▶ **EXERCISE REQUIREMENTS**: From the first line to the last, please reproduce the material exactly, skipping the pictures.

▶ **DATA EXCERPT**:
-=-=-
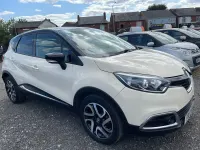 Used Renault Captur Dynamique 90 HP (66 kW) 2017 Cream/black SUV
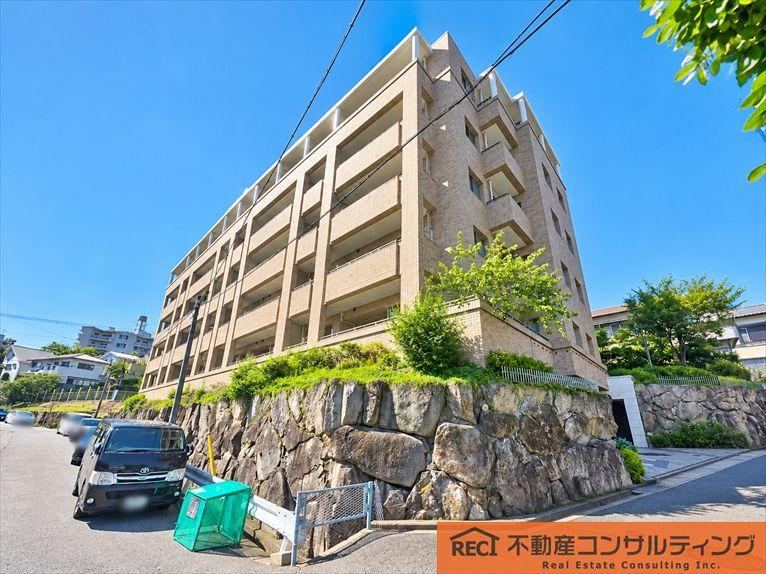3LDK apartment in Nishinomiya, Hyogo - Photo 1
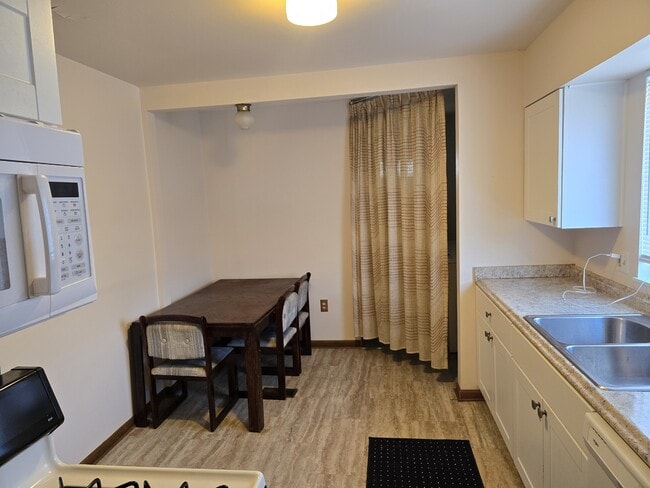 Building Photo - 23065 Cayuga Ave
-=-=-
▶ **TASK ANSWER**:
 Used Renault Captur Dynamique 90 HP (66 kW) 2017 Cream/black SUV
3LDK apartment in Nishinomiya, Hyogo - Photo 1
 Building Photo - 23065 Cayuga Ave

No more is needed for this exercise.